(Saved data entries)
━━━━━━━━

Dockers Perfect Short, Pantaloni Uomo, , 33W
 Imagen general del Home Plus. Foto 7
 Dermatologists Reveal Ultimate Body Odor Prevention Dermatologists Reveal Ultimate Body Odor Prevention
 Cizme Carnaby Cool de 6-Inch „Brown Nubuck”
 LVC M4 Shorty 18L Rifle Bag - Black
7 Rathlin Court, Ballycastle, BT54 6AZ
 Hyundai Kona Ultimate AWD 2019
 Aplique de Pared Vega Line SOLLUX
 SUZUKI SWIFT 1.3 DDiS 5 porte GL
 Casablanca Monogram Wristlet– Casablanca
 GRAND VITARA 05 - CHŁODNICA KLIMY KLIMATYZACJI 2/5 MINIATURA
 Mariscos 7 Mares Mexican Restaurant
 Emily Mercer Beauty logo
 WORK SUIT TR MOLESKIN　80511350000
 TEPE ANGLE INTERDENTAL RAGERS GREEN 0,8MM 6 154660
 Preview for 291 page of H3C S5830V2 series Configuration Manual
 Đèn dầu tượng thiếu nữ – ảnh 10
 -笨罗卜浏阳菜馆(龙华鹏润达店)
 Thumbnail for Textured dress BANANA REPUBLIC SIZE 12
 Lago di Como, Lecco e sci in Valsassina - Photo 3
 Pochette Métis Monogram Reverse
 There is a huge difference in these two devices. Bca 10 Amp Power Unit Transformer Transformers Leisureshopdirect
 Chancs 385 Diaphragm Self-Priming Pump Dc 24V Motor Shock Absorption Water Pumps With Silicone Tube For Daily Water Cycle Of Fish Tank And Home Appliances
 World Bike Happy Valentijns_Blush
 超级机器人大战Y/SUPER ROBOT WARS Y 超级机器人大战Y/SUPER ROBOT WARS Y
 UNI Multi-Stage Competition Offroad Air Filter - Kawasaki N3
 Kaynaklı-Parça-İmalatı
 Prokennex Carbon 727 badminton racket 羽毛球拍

━━━━━━━━

Taking the entries above, write out exactly the lines starting with the line containing "Thumbnail for Textured" and going on through the line containing "There is a huge", both included, and nothing else.

▶ _WRITTEN SOLUTION_:
 Thumbnail for Textured dress BANANA REPUBLIC SIZE 12
 Lago di Como, Lecco e sci in Valsassina - Photo 3
 Pochette Métis Monogram Reverse
 There is a huge difference in these two devices. Bca 10 Amp Power Unit Transformer Transformers Leisureshopdirect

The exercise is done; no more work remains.